Input records
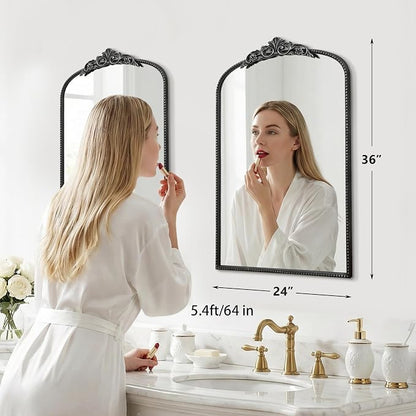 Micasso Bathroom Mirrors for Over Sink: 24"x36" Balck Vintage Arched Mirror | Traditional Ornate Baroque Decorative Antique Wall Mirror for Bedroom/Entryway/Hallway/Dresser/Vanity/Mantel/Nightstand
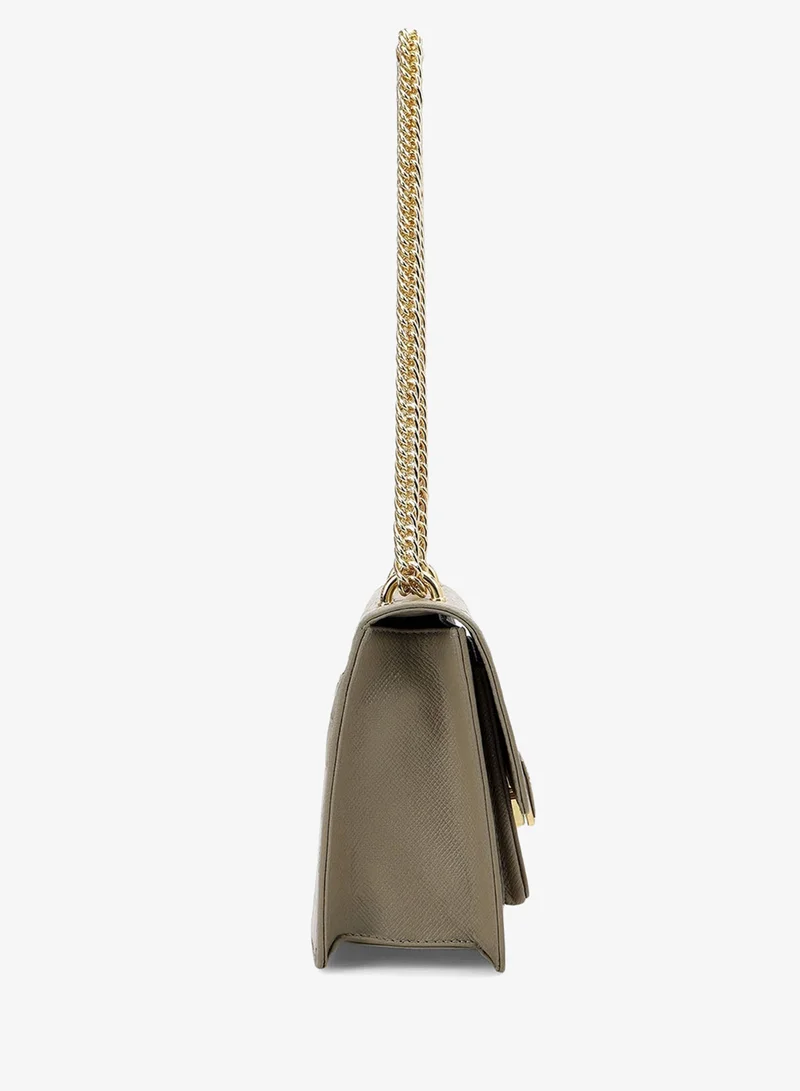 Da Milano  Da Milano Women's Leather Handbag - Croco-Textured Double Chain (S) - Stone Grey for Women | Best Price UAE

---

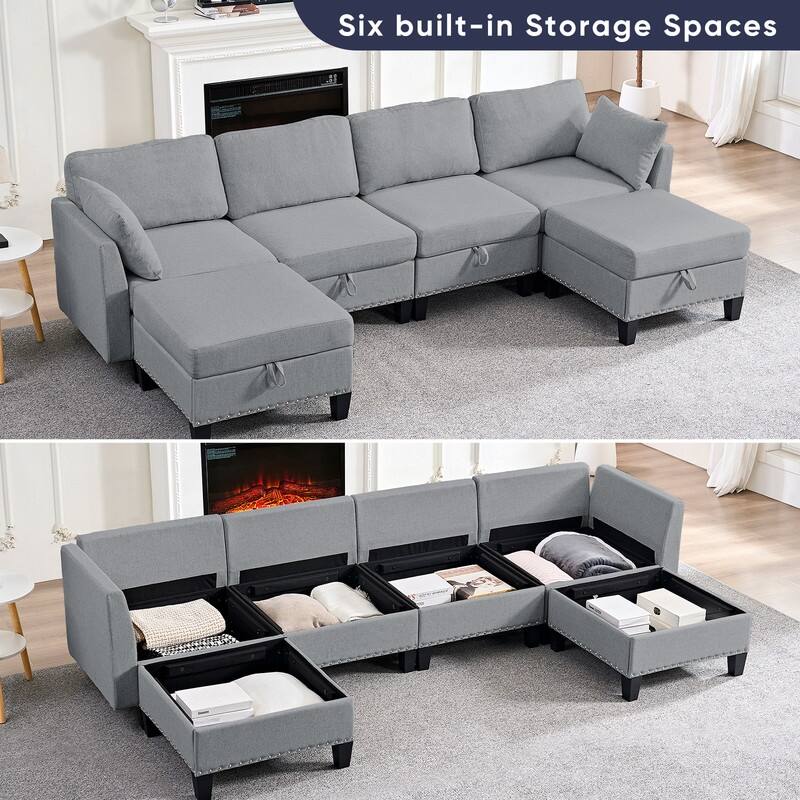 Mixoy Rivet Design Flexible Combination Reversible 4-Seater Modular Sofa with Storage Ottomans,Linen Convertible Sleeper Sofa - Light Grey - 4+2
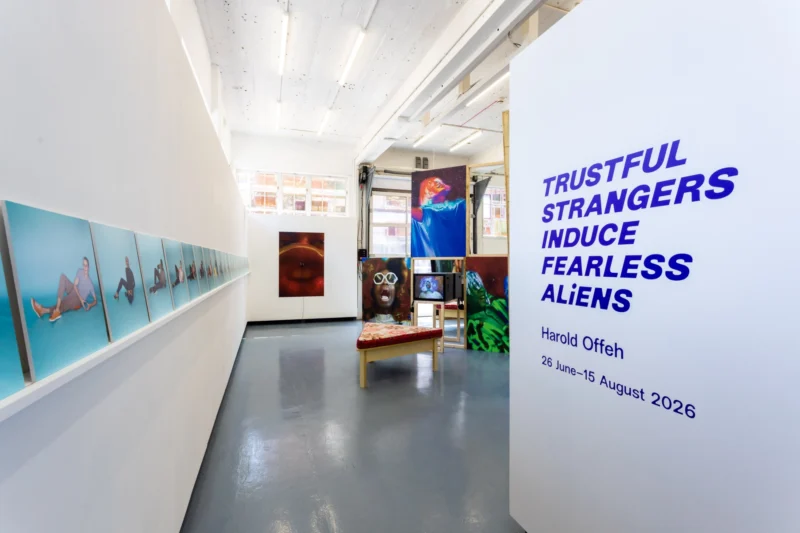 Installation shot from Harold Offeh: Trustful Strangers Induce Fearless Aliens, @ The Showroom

Action item
Leaving each picture behind, please give again exactly the lines above from the one with "Mixoy Rivet Design" through the one with "Installation shot from", both included, and no others.

Result of the exercise
 Mixoy Rivet Design Flexible Combination Reversible 4-Seater Modular Sofa with Storage Ottomans,Linen Convertible Sleeper Sofa - Light Grey - 4+2
 Installation shot from Harold Offeh: Trustful Strangers Induce Fearless Aliens, @ The Showroom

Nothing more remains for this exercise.